§ **Problem to work on**: Out of the entries that follow, copy each line containing "Building".

─── Task material

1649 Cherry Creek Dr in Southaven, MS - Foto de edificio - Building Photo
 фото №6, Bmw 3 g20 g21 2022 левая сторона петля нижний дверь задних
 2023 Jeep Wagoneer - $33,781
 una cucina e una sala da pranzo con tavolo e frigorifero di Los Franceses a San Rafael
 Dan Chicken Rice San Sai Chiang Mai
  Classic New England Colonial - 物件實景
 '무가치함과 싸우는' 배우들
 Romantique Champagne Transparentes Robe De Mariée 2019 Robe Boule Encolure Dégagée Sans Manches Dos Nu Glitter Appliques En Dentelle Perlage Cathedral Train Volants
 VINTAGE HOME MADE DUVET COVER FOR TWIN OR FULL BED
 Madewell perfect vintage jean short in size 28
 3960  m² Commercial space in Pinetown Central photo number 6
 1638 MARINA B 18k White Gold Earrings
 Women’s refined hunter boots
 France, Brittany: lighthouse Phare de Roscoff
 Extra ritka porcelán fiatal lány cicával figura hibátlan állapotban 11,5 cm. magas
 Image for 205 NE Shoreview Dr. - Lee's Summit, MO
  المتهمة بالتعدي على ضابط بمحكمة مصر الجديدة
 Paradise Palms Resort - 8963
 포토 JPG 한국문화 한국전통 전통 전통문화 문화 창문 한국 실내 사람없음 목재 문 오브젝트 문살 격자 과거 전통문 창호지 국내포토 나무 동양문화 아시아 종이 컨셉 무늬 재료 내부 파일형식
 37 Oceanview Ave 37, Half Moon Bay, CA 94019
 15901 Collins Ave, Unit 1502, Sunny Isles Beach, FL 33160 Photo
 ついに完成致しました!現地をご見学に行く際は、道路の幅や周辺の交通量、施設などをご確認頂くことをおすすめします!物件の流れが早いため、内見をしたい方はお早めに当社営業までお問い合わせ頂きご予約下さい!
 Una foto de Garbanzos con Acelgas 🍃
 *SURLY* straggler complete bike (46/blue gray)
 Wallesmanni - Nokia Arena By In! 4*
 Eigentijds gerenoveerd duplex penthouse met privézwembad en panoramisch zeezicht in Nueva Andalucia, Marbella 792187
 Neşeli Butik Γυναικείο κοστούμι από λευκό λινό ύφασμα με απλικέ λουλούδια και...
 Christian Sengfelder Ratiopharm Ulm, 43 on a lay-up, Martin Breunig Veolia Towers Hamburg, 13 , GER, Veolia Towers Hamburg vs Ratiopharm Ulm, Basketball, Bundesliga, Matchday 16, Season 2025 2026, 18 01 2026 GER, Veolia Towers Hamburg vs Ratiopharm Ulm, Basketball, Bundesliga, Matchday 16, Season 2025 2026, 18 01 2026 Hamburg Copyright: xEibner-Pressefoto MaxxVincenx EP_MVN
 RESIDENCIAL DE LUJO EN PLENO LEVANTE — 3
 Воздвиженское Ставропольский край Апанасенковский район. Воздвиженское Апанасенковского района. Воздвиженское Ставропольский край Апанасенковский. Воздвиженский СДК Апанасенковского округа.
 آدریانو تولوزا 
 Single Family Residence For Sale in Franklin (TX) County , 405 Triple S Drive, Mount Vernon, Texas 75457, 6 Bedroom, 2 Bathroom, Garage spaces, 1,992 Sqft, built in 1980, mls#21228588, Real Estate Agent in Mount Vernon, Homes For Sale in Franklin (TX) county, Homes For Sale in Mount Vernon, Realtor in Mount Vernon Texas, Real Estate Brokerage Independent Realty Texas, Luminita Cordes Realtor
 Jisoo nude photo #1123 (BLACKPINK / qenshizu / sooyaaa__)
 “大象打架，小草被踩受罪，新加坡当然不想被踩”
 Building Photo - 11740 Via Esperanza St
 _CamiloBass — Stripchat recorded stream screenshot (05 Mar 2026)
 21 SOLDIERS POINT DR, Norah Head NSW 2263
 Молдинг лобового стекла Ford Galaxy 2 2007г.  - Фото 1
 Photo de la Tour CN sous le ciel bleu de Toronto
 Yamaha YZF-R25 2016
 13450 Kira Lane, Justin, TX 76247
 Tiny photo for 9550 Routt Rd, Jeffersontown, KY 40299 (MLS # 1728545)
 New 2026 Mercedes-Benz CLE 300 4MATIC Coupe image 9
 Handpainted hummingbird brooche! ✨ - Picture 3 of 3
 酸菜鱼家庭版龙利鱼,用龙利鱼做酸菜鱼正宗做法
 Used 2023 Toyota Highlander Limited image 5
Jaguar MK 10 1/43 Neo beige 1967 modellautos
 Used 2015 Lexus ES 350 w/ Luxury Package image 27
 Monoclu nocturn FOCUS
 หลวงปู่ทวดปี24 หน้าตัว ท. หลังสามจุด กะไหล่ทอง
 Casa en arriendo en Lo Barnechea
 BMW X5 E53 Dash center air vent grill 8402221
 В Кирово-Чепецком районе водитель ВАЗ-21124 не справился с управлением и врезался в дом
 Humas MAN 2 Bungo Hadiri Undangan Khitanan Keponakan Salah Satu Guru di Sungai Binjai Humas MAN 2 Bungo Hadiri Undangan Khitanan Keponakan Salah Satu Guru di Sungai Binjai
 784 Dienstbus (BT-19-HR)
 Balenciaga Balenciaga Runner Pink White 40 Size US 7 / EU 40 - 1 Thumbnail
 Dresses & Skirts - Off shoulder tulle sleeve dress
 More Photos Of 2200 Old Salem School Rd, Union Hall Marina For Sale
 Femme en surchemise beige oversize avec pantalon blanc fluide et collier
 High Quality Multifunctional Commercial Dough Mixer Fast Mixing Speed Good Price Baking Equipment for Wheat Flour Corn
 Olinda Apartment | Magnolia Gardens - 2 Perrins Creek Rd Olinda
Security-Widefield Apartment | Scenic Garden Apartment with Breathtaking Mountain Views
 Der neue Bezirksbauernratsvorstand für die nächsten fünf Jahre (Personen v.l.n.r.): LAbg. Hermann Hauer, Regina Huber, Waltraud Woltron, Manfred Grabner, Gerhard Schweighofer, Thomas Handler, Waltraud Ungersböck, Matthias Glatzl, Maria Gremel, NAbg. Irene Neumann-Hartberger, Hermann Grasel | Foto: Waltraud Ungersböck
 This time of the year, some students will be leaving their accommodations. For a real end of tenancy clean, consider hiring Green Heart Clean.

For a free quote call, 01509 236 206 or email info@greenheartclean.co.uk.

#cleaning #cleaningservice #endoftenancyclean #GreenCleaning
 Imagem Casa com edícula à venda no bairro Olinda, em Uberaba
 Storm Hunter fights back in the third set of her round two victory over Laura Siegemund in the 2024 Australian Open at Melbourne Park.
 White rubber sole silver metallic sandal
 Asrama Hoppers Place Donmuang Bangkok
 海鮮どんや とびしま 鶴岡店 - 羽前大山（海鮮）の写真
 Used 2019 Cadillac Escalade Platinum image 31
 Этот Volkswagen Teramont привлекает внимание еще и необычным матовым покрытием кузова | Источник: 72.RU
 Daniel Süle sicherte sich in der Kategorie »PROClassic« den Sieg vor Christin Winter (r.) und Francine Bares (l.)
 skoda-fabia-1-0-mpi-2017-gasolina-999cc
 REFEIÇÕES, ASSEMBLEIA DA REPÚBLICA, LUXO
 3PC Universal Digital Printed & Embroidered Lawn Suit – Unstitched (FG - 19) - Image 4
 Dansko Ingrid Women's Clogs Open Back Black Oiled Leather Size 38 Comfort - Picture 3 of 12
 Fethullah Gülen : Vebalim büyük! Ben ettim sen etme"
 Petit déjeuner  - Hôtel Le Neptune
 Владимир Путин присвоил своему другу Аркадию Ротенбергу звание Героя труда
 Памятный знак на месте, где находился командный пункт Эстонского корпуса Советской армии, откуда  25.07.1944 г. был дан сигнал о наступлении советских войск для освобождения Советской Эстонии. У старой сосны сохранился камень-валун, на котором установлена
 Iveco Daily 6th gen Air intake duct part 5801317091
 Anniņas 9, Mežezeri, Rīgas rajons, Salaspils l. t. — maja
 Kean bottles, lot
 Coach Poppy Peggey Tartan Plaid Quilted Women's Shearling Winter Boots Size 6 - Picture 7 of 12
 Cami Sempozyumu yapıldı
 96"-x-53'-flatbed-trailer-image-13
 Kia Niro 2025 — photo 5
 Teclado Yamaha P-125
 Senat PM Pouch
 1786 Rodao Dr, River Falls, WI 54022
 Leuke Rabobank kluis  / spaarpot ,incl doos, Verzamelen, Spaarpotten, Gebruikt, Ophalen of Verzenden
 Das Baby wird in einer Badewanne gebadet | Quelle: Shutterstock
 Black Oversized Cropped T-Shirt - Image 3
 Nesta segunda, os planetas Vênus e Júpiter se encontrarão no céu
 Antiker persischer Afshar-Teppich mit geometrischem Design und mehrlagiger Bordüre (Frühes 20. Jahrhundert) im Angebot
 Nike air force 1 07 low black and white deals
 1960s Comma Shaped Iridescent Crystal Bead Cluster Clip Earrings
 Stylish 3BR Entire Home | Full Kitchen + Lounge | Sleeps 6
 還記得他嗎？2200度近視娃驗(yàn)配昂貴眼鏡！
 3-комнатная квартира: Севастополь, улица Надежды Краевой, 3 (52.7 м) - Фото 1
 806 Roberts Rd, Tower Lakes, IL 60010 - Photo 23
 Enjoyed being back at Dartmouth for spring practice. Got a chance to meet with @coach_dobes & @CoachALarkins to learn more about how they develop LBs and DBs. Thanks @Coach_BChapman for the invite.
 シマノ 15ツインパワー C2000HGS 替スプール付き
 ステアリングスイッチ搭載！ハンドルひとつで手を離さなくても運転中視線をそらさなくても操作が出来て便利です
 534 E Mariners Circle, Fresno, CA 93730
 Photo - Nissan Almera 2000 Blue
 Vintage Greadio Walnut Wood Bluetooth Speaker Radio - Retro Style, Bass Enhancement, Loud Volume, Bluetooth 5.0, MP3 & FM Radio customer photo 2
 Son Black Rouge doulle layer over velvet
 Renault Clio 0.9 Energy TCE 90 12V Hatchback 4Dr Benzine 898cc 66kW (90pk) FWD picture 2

──────

§ **Result below**:
1649 Cherry Creek Dr in Southaven, MS - Foto de edificio - Building Photo
 Building Photo - 11740 Via Esperanza St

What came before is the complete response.